Western Carolina University computer science faculty members are capitalizing on student interest in the latest smartphones and their Internet and e-mail capabilities as a way to teach programming.
In a new course to be offered this fall, WCU students will write programs for mobile phone applications and test them on Motorola Droid phones, 15 of which were donated by Google.
“Carrying around one of these mobile phones is basically carrying a computer with you,” said Andrew R. Dalton, the assistant professor of computer science who is developing the class. “Helping students learn to program for these types of devices, which have different limitations and constraints than laptop or desktop computers, will be beneficial to them as computer scientists.”
To enroll, students must have completed two prerequisite courses at WCU in which they learn Java, a computer programming language used by the mobile devices.
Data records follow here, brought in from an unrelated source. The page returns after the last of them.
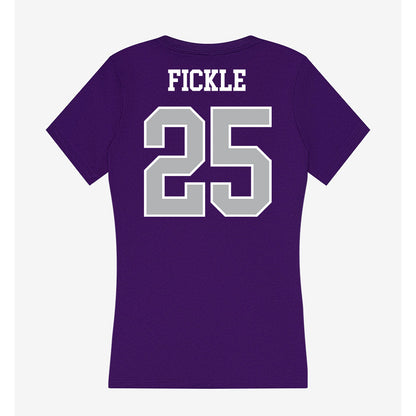SBU - NCAA Women's Soccer : Lydia Fickle - Classic Shersey Women's V-Neck T-Shirt-1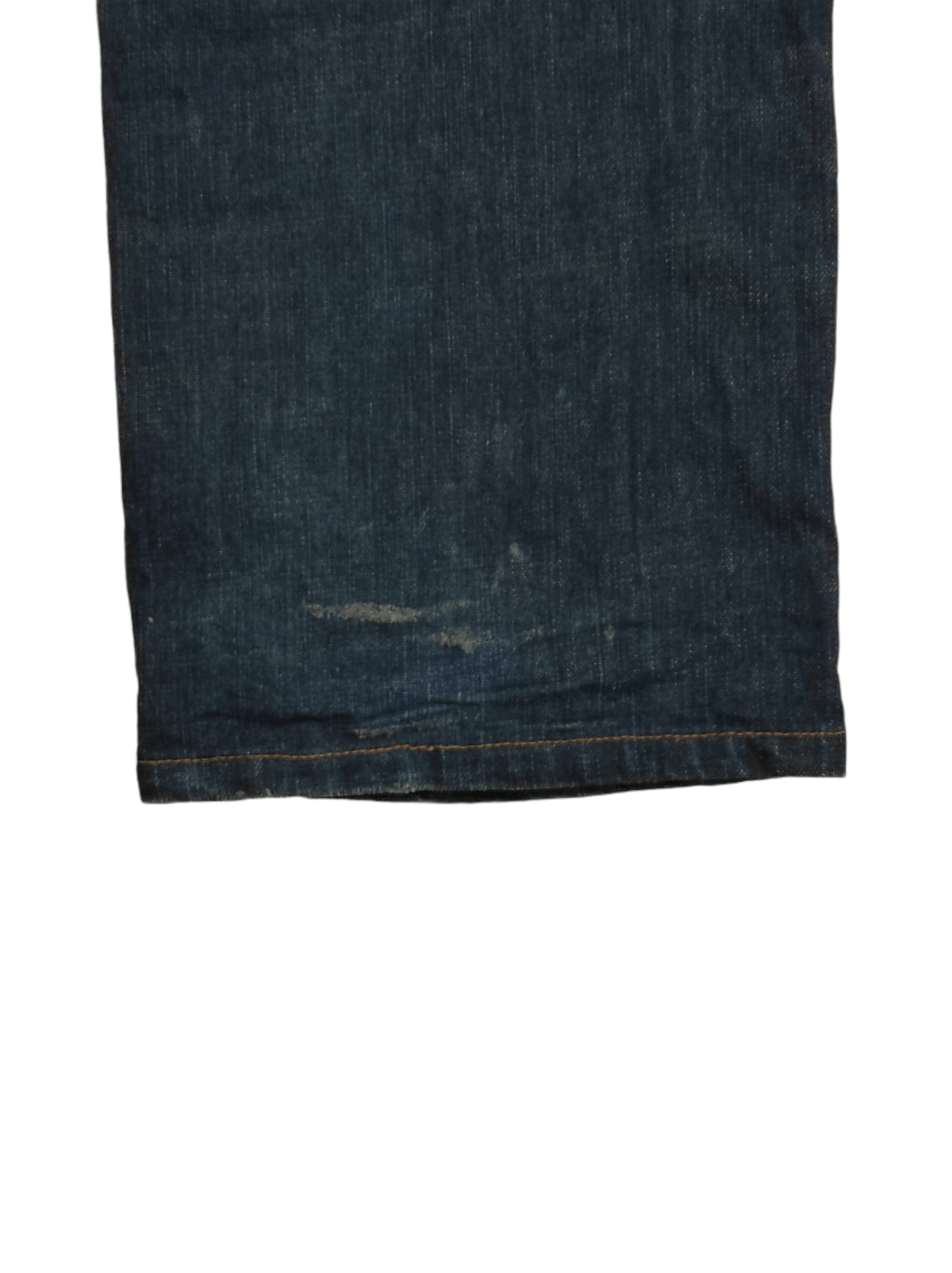 Japanese Brand FW2000 Kiks Tyo rigid denim with draw string Size US 34 / EU 50 - 9 Thumbnail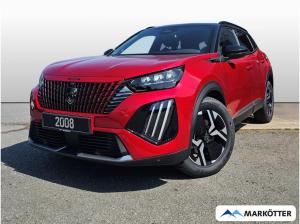 Peugeot 2008 GT Hybrid 145, Panorama Schiebedach, Sicht-, Navi- und Fahrassistenz, Ganzjahresreifen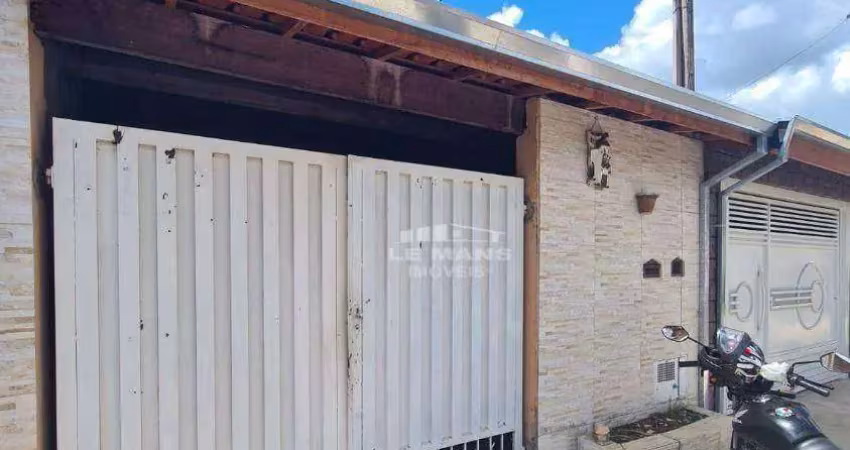 Casa com 2 dormitórios à venda, 98 m² por r$ 300.000,00 - jardim vista alegre - charqueada/sp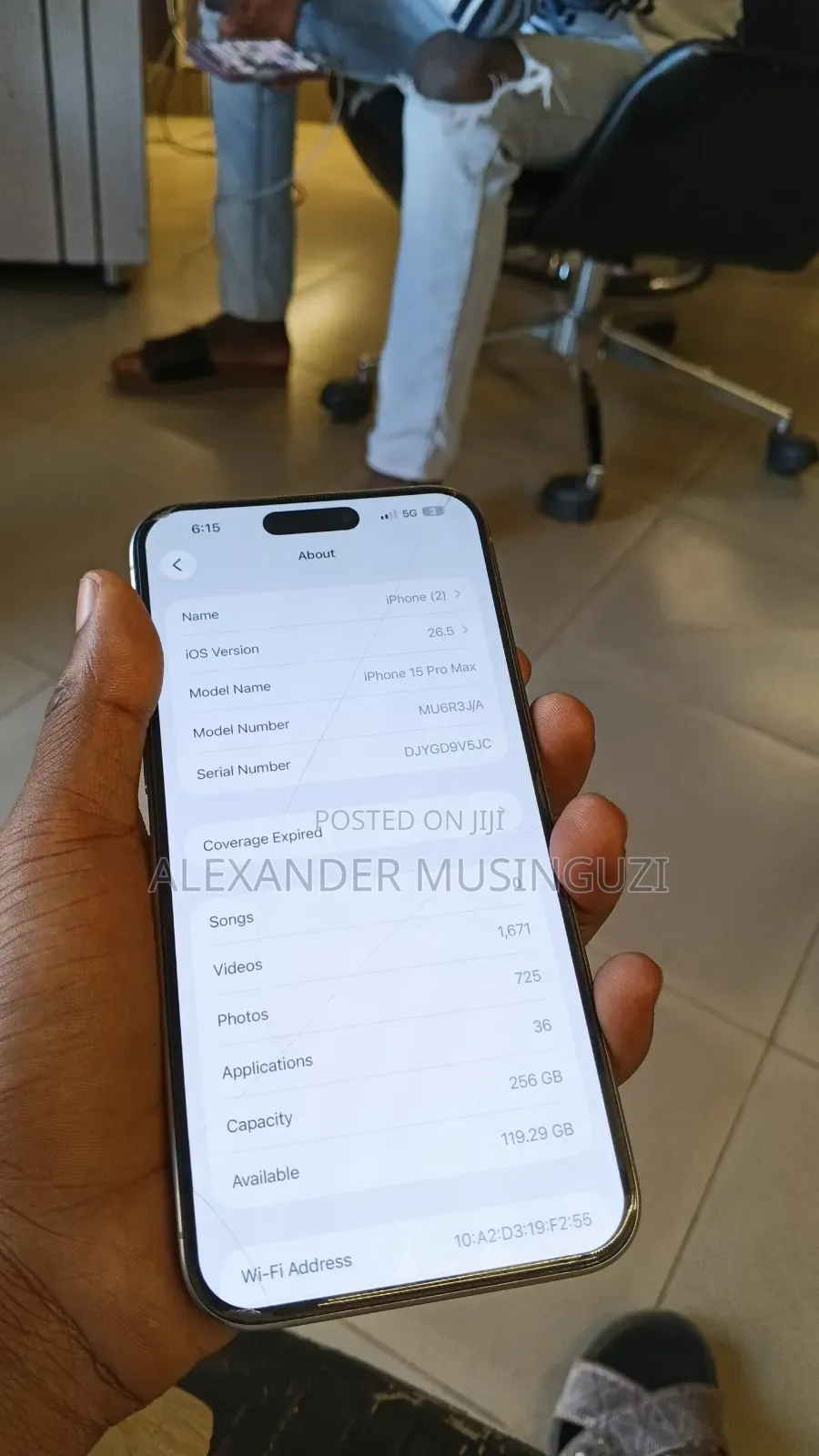 Apple iPhone 15 Pro Max 256 GB White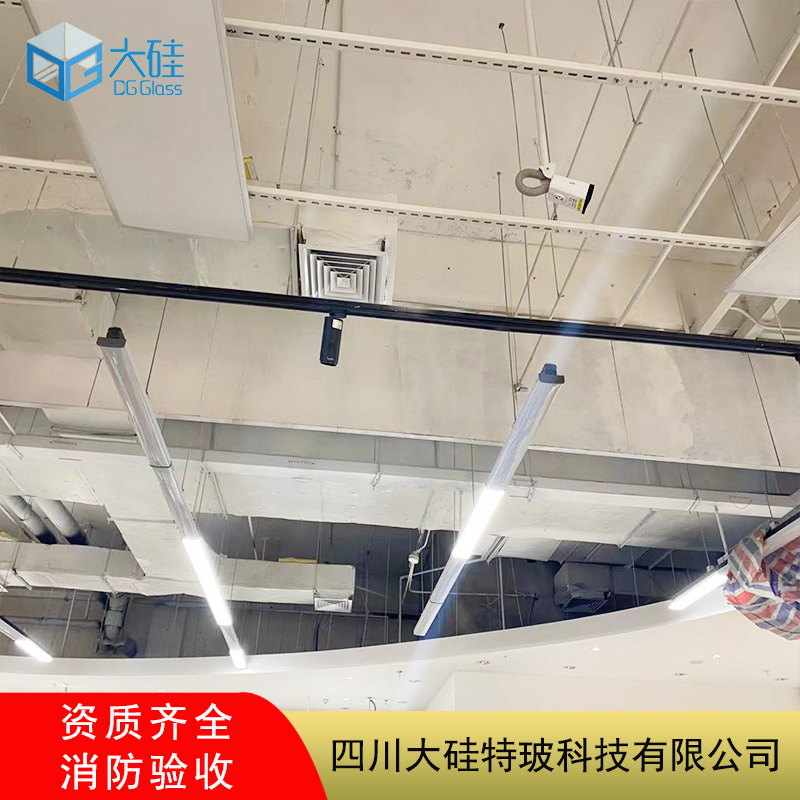 大硅特玻防火板擋煙垂壁項(xiàng)目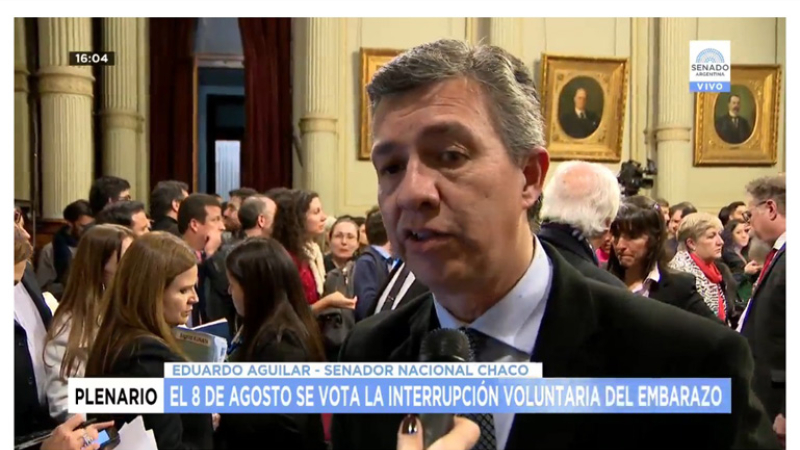 Aborto: no hubo dictamen sobre el proyecto con cambios, pero se votará el 8 de agosto
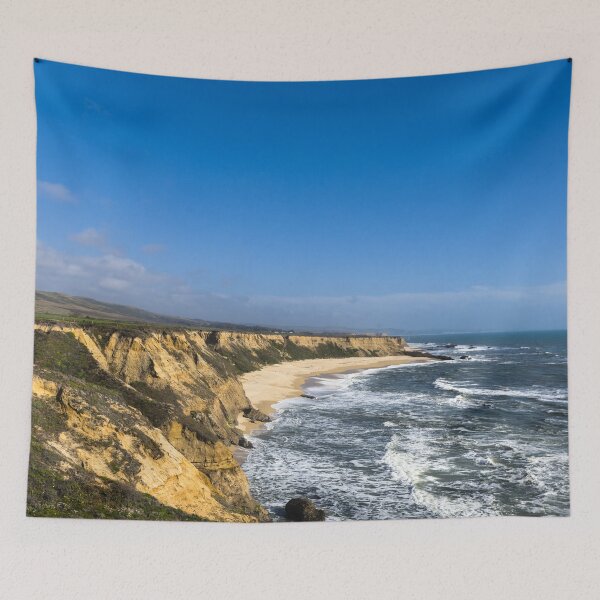 Item preview, Pacific Coast at Half Moon Bay, San Mateo County, California designed and sold by OrcaNature.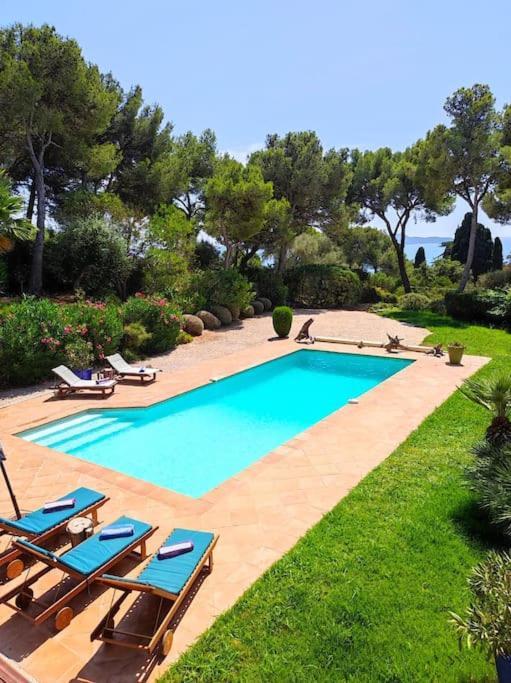 La Californienne Βίλα Carqueiranne Εξωτερικό φωτογραφία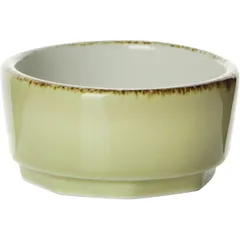 Соусник «Террамеса Вит» фарфор 50мл D=60,H=33мм бежев.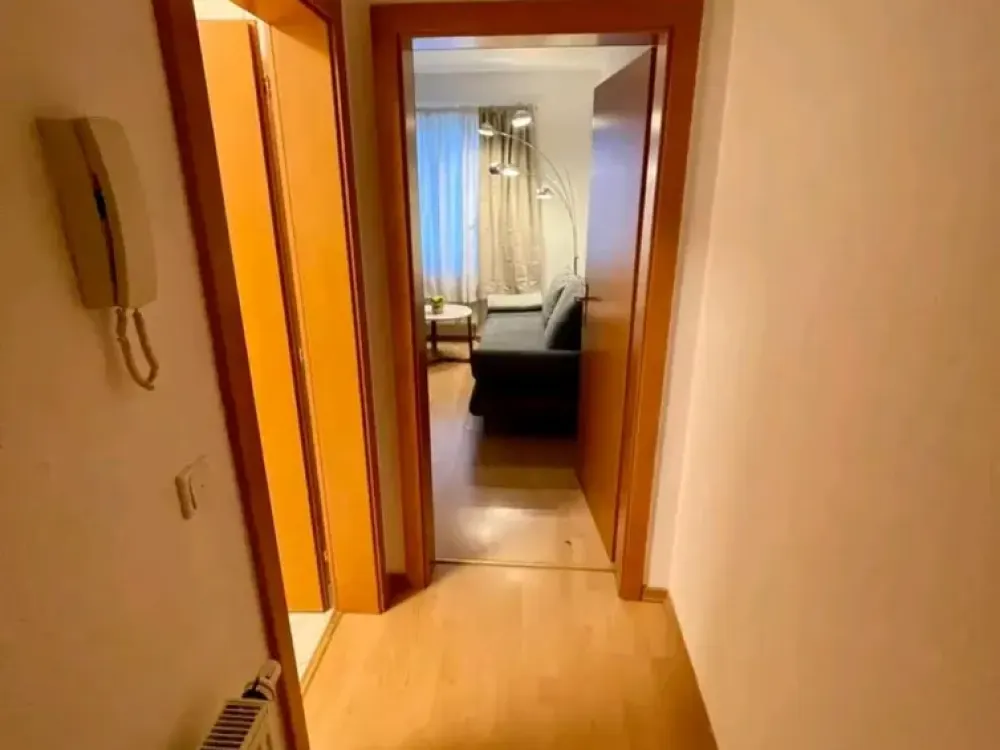 Frisch saniert und möbliert: 2-Zimmer-Erdgeschosswohnung mit Balkon in Dresden-Großzschachwitz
Class assignments will begin with creating simple applications, such as a to-do list, and will increase in complexity.
“One of our goals is to develop a WCU-specific app, perhaps an app to use when touring the campus,” said Mark Holliday, professor of computer science who applied for an $8,000 grant from the National Science Foundation that is helping support the initiative.
For Chris Blades, a senior computer science major from Lenoir, developing mobile applications is interesting in part because of the different hardware that the devices use, such as touch screens, and in part because of the variety of their networking devices—cell phone networks, Wi-Fi and Bluetooth.
“They make an ideal platform for developing network-oriented programs,” Blades said.
He is working with Dalton this summer to design and prepare the course, and he predicts it will be popular.
“Every computer science major I know who is able to take the class is taking it,” said Blades.